* What you are asked to do: Could you copy word for word only the lines between the one containing "Cushion Champagne Moissanite" and the end of the listing below, both included, and leave out the pictures?

* Data shown:
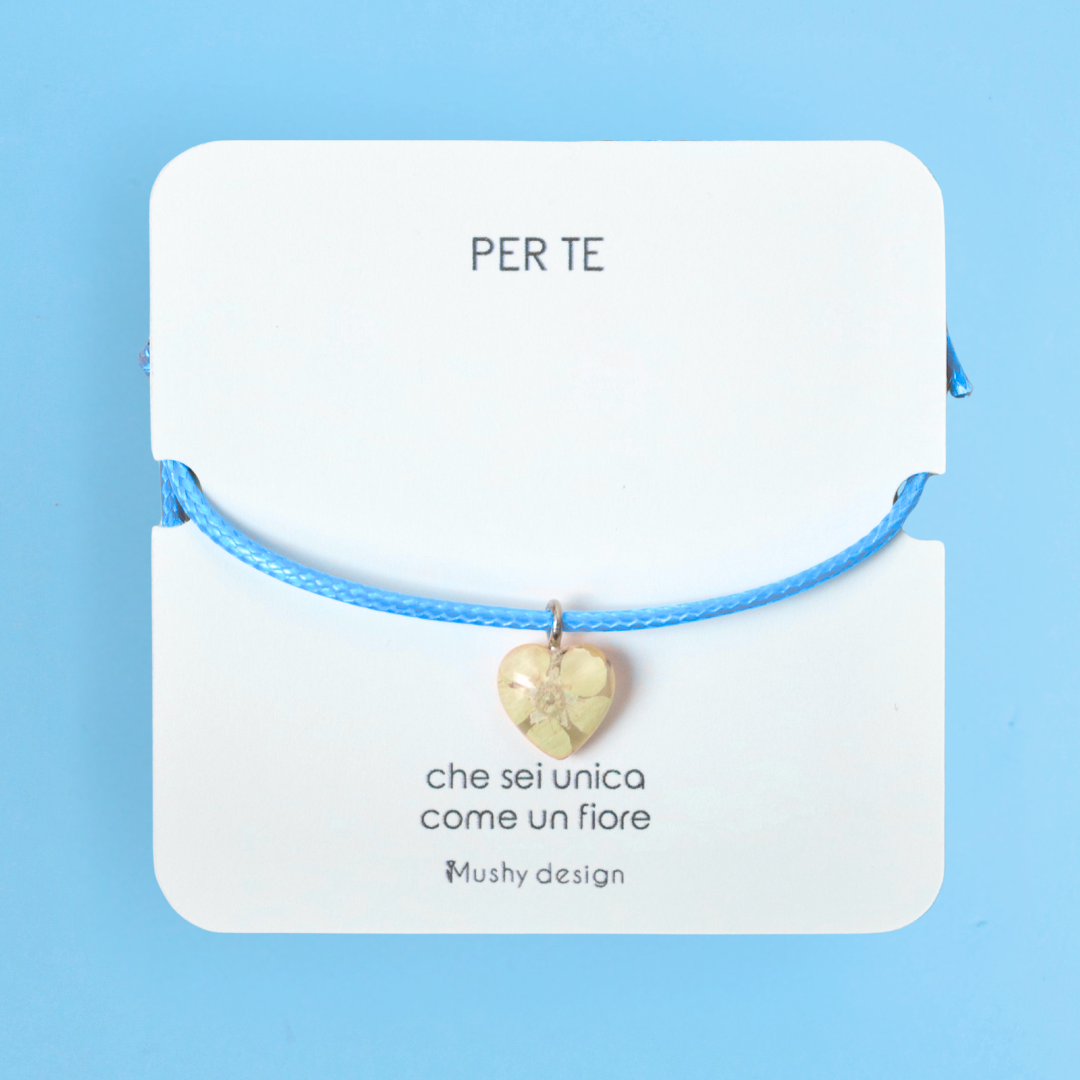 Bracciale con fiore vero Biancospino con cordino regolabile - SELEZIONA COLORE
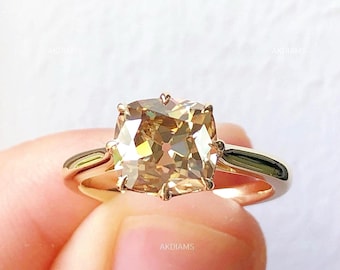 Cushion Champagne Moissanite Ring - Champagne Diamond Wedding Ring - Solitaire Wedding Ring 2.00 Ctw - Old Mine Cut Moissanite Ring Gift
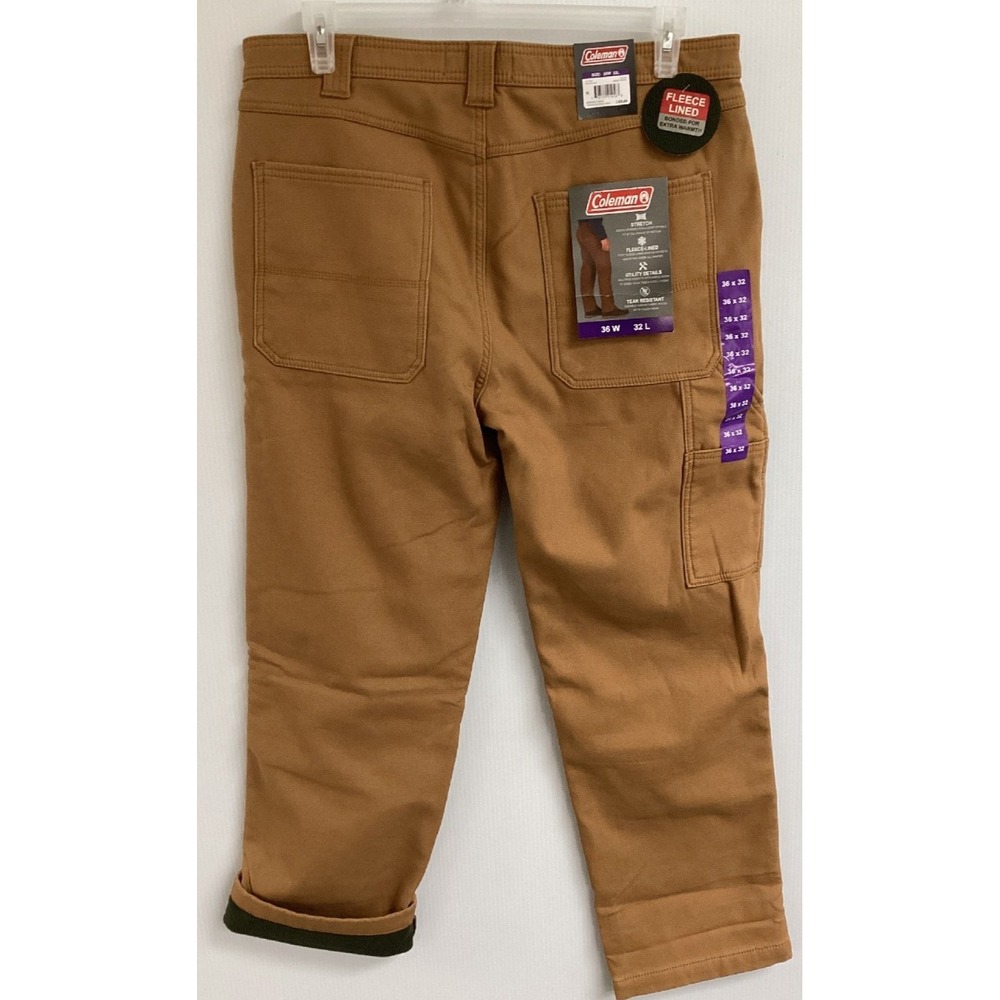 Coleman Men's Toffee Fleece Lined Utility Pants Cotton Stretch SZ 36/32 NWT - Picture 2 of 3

* Result:
 Cushion Champagne Moissanite Ring - Champagne Diamond Wedding Ring - Solitaire Wedding Ring 2.00 Ctw - Old Mine Cut Moissanite Ring Gift
 Coleman Men's Toffee Fleece Lined Utility Pants Cotton Stretch SZ 36/32 NWT - Picture 2 of 3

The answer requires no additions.